How Anarchist is Canadian Literature?

In November, we celebrated the 100th anniversary of the year of our founding editor’s birth (see for more). Of course, George Woodcock’s life work consisted of far more than putting out seventy-three issues of a quarterly critical journal between 1959 and 1977. Alan Twigg’s remarks at the celebration focused on the remarkable success of the non-profit aid organizations founded by him and his wife Inge, for example. What interests me here, however, is how the journal is still shaped by his commitments. Somehow, I just never get around to reading all the back issues of the journal. What I’m basing my remarks on, then, is what has come down to me from working as an associate editor and editor and reading here and there about its history.

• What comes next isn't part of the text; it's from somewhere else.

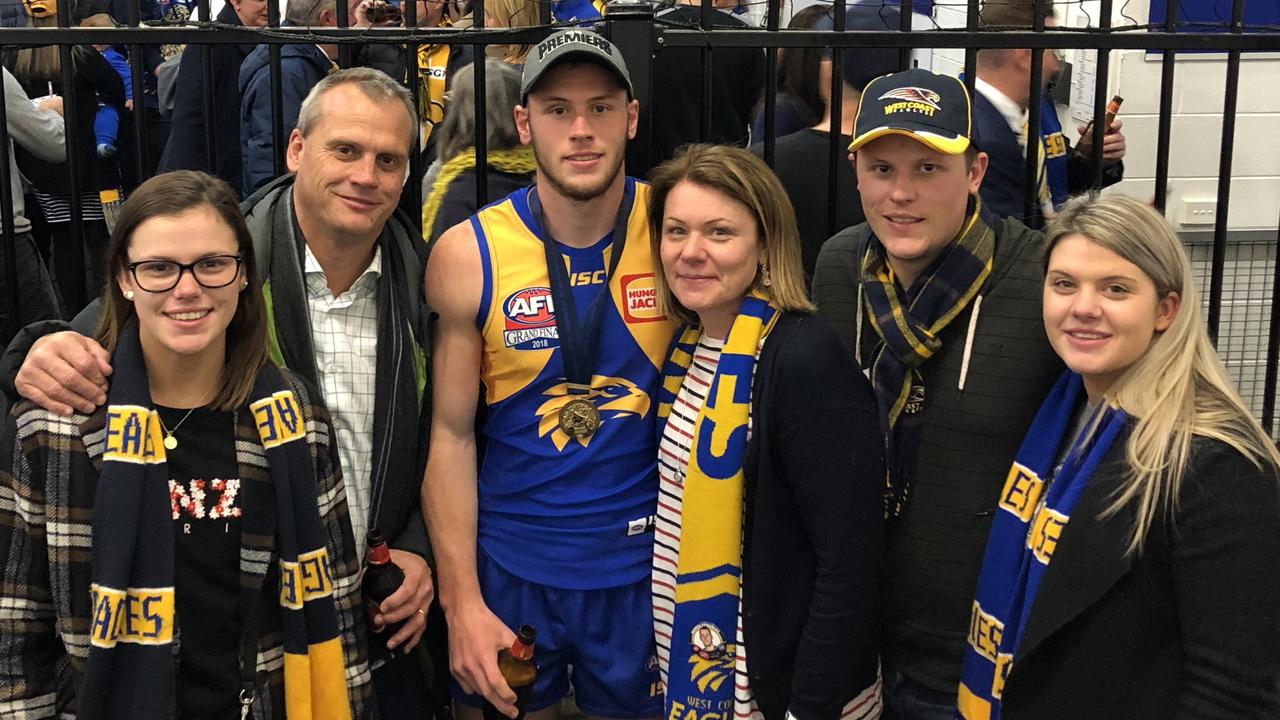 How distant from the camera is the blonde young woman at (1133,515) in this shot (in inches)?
93.0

W. H. New, Woodcock’s successor, spoke at the celebration about how Woodcock wrote, pounding away every day on a typewriter. He was a professional, rather than a scholarly writer, a British man of letters (Potter 153). He never got a degree, refusing his grandfather’s offer to send him to Cambridge because it was conditional on his becoming an Anglican clergyman (Fetherling 7). These facts explain the journal’s dedication to a general as well as an academic readership. Woodcock’s first editorial made this position clear:

Proust’s Madame Verdurin thought that the ideal hospitality was that which restricted itself to the exclusiveness of the little clan. Canadian Literature seeks to establish no clan, little or large. It will not adopt a narrowly academic approach, nor will it try to restrict its pages to any school of criticism or any class of writers. It is published by a university, but many of its present and future contributors live and work outside academic circles, and long may they continue to do so, for the independent men and women of letters are the solid core of any mature literature.

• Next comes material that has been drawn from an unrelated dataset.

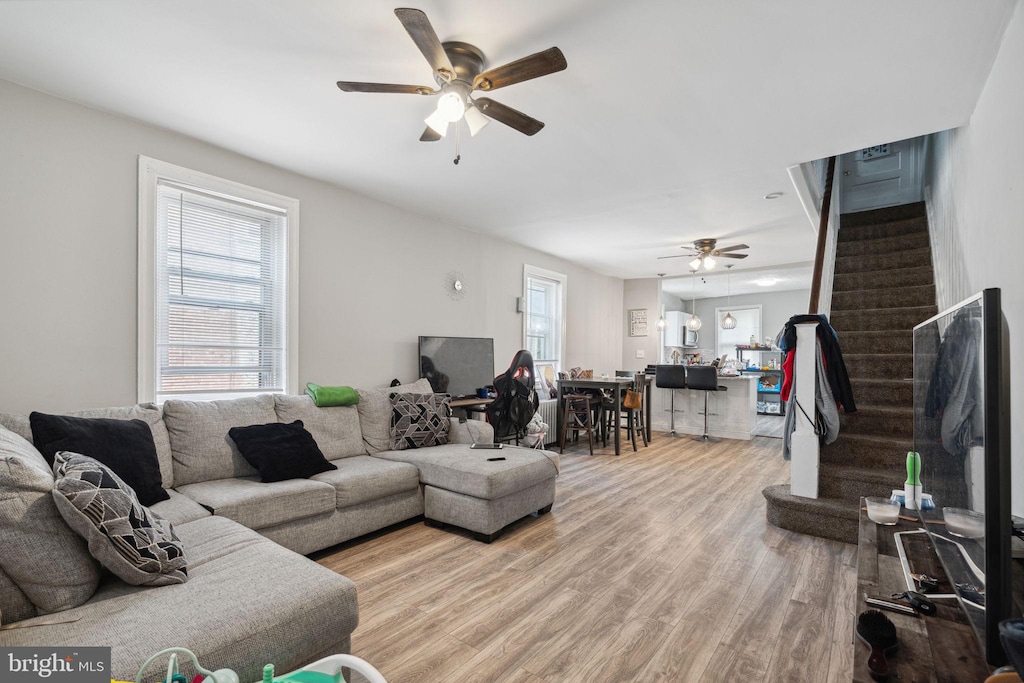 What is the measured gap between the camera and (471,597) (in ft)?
7.65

Despite his public persona as a slightly rumpled, tweedy academic, Woodcock was an anarchist, a pacifist anarchist, I hasten to add, rather than the stereotypical bomb-thrower. It is sometimes difficult to see how this perspective might still affect the journal. His experience as an editor came from founding and editing Now, a literary magazine that ran from 1940 to 1947, in its heyday selling as many as 3000 copies, mostly from London newsstands. It was intended for young writers and … writers who went against the grain of the times: pacifists, anarchists, dissident socialists (qtd. in Fetherling 23). Through this journal, he became connected to a group of like-minded writers, most famously George Orwell, about whom he wrote in A Crystal Spirit (1966). One of Woodcock’s most translated and important books is Anarchism: A History of Libertarian Ideas and Movements, published by Penguin in 1963. Anarchism is characterized by a denial of rigid ideology, bureaucracy and hierarchy, a stance which makes it resilient in the face of change (Fetherling 100). This explains Woodcock’s refusal to found a clan. He came to see anarchism not as an attainable political goal so much as a philosophical perspective, a restorative doctrine, telling us that the means by which we can create a free society are already there in the manifestations of mutual aid existing in the world around us (qtd. in Fetherling 98-100). Journals, with their dependence on volunteer labour, can be seen as nodes in such a network of mutual aid in thinking about important intellectual and cultural issues.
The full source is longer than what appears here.